What to work on: Repeat the listing exactly. The images do not belong in the copy.

Exercise data:
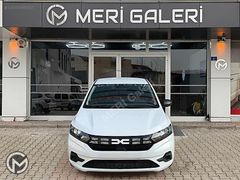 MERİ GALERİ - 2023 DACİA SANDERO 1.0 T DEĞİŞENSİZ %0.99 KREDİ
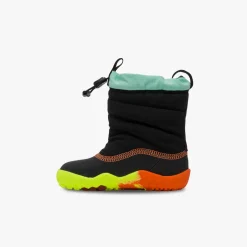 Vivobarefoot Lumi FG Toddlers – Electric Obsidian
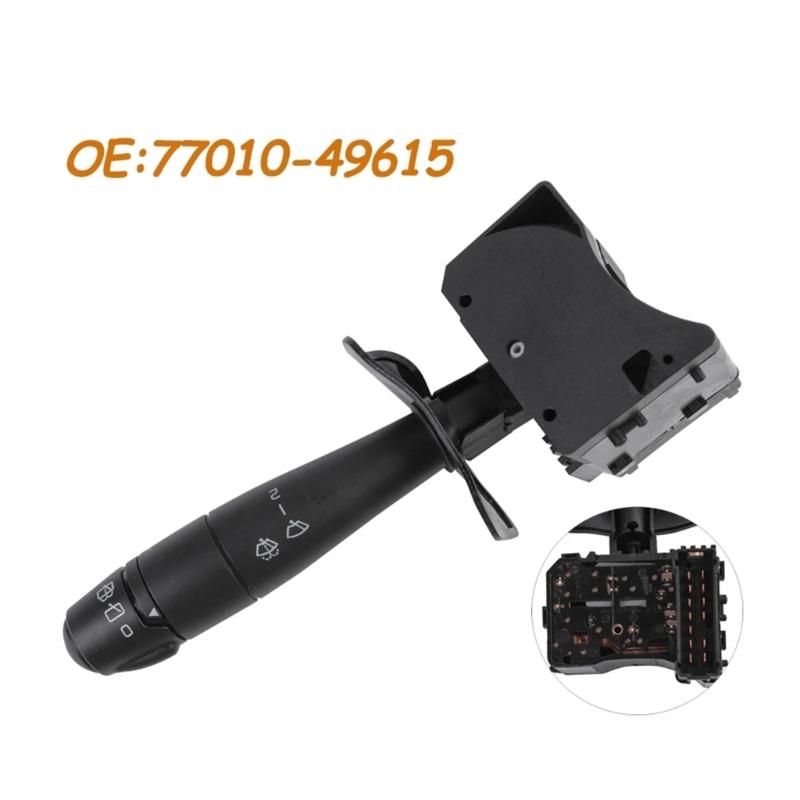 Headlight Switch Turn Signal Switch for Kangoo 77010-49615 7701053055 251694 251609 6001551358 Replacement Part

Exercise solution:
 MERİ GALERİ - 2023 DACİA SANDERO 1.0 T DEĞİŞENSİZ %0.99 KREDİ
 Vivobarefoot Lumi FG Toddlers – Electric Obsidian
 Headlight Switch Turn Signal Switch for Kangoo 77010-49615 7701053055 251694 251609 6001551358 Replacement Part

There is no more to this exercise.